More distant conquered areas saw fewer advantages to their conquest. It was usual that many of the conquered warriors were taken to the Aztec capital cities for sacrifice immediately following conquest. The demands of tribute were unrelenting, and if an Aztec army on the march passed through, the local population could be drained of its subsistence resources to supply the military.

The Triple Alliance employed well-considered strategies in establishing and maintaining its imperial control in outlying areas. An economic strategy focused on the city-states (administratively grouped into provinces) that paid regularly scheduled tribute to the Aztecs. Beyond the Basin of Mexico, this totaled thirty-two provinces that provided much economic support for the rulers and people of the Triple Alliance capitals: maize and other foodstuffs were stored against possible famine; warfare paraphernalia was held for military use; specific goods were stored and distributed as gifts, commissions, or for foreign trading enterprises; the enormous imperial bureaucracy and expensive priestly activities were supported; raw materials were fashioned by urban artisans into luxury wares for the nobility; and in general the extravagant lifestyle of imperial royalty and palatial life was enhanced. The imperial powers maintained this continual flow of tribute goods through threats of reprisals, usually entailing reconquest and a doubling of tribute demands on a rebellious province. As the empire continued expanding, an additional strategy became useful. This was a frontier strategy, and entailed the establishment of client states along hostile borderlands, astride critical transportation routes, or near critical but contested resources. In place of an outright military conquest, the Aztecs negotiated mutually beneficial agreements with these city-states, cemented with gifts. Client states served the empire by assuring borderland control, open transportation routes for merchants and troops, and access to critical resources. In this strategy, the Aztecs found an inexpensive way of managing their distant affairs.
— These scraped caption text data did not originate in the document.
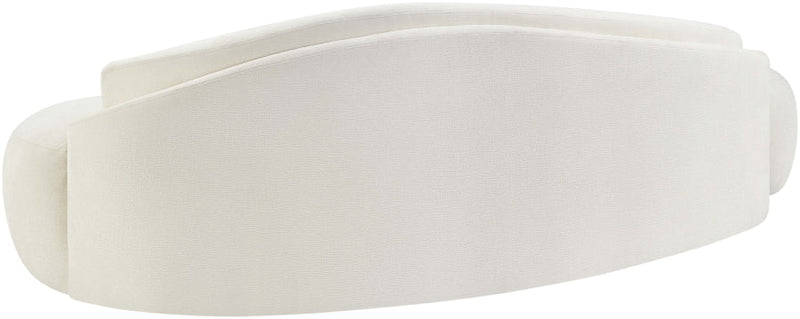 Caspian 101" Chenille Fabric Upholstered Sofa in Cream - 44033Cream-S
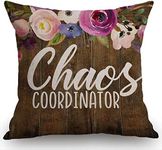 Swono Chaos Coordinator Funny Quote Farmhouse Pillow Cover 18x18 Inch Home Decor Cotton Linen Throw Pillow Case Cushion Cover for Sofa Couch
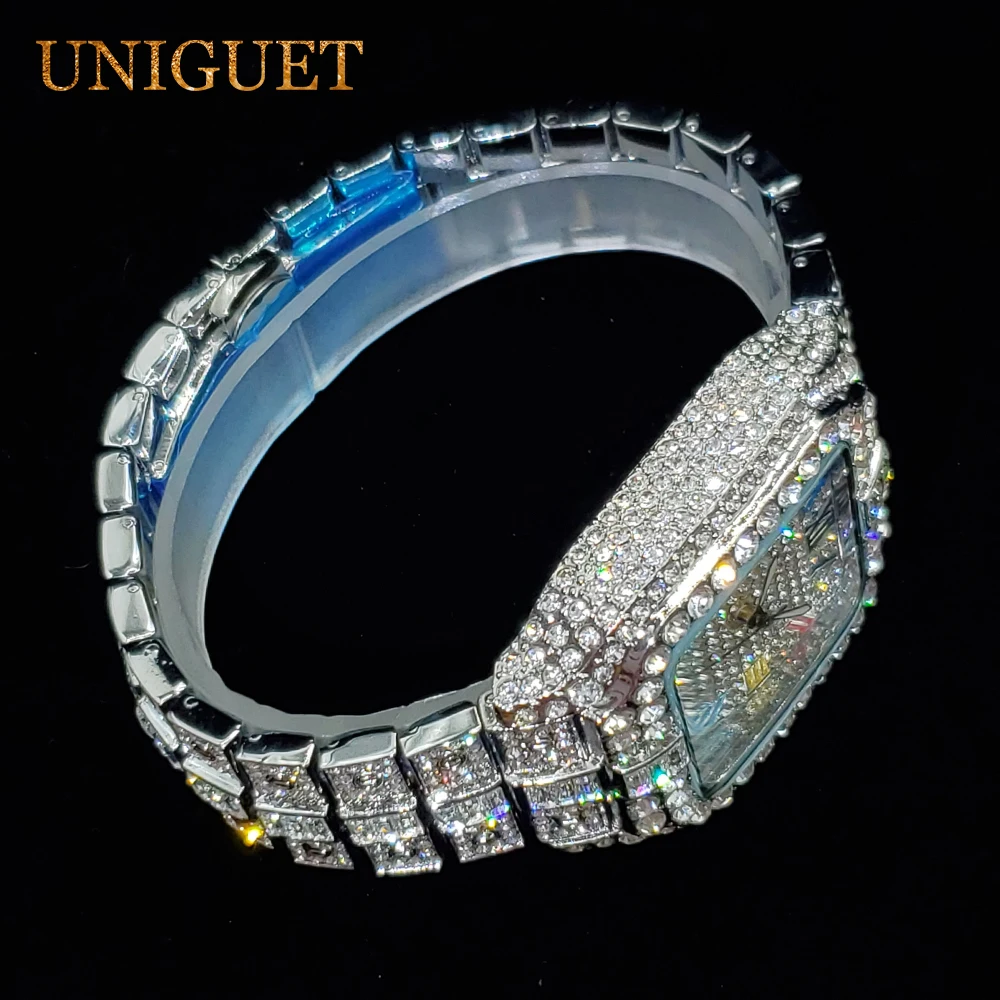 Relojes UNIGUET de lujo con diamantes para hombre, reloj de cuarzo con calendario y esfera de arcoíris para hombre, relojes de pulsera helados de Hip Hop a la moda para regalo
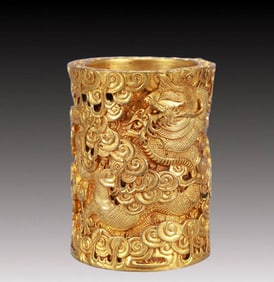 A Rare Gilt Bronze Dragon Pattern Brush Pot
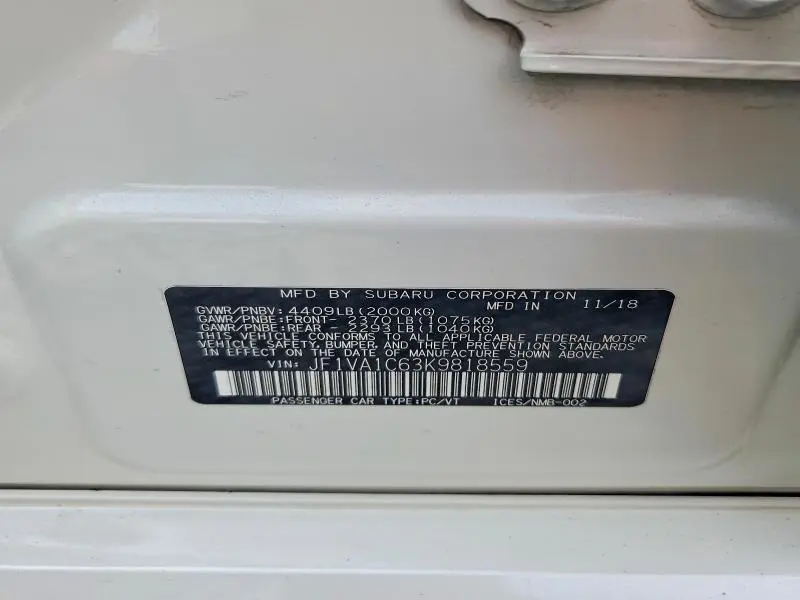 2019 SUBARU WRX PREMIUM  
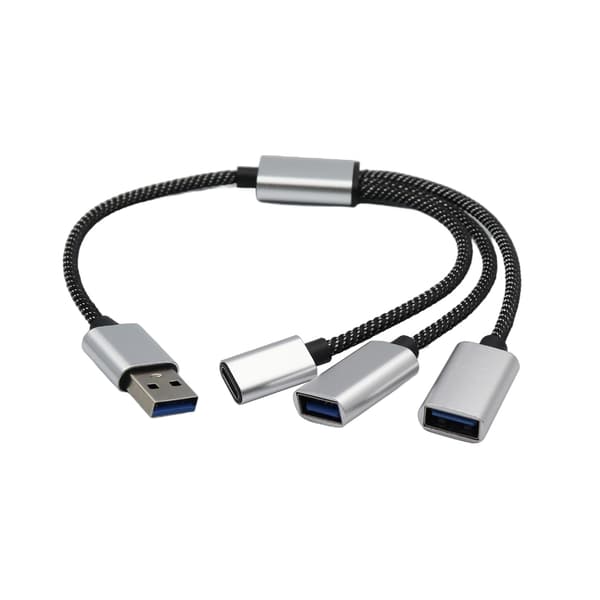 USB 2.0 Strømsplitterkabel, 1 Han til 2 Hun USB og 1 USB C Ladekabel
Nonetheless, they did establish fortresses and station garrisons at specific military hot spots, whether along volatile borders or within defiant provinces.

Fall of the Aztec Empire

In early 1519 a small force of Spanish conquistadors landed on the Mexican mainland. They had learned of the large empire led by Motecuhzoma and of his vast wealth; tales of treasures of gold were of special interest to the Spaniards. Under the leadership of Hernan Cortes, they traveled inland with the intent of conquering this rich land. A number of factors contributed to the ultimate Spanish victory. Spanish weaponry had some small advantage, with muskets, cannons, and especially steel swords. Horses provided mobility and height in battle, and ferocious dogs sparked considerable fear in the hearts of the native warriors (the small native domesticated dogs, commonly used as food, were of a different genre entirely from the large European canines). In the heat of battle, a major goal of native (but not Spanish) combat was the capture of the enemy for sacrifice, resulting in valorous risks and high indigenous casualties. Most important was the tenuous hold the Aztecs had on their conquered and client city-states, and the presence of significant unconquered polities. Cortes took early advantage of this loose organization to convince many of these city-states, and especially the powerful Tlaxcallans, to join him in his goals of conquest; in the end, the small force of Spaniards was massively augmented by native warriors. The seeds of destruction were built into the Aztec imperial structure. Cortes’s siege tactics employed late in the conquest took a final toll on a starving Tenochtitlan devoid of allies and wracked with smallpox, a disease that arrived with the Europeans and to which the local population had no immunity. Motecuhzoma had perished and his successor Cuitlahuac fell to the disease during the siege. On 13 August 1521 the last Aztec ruler, Cuauhtemoc, was captured by the Spanish conquistadors, signaling the end of Aztec imperial dominance in Mesoamerica.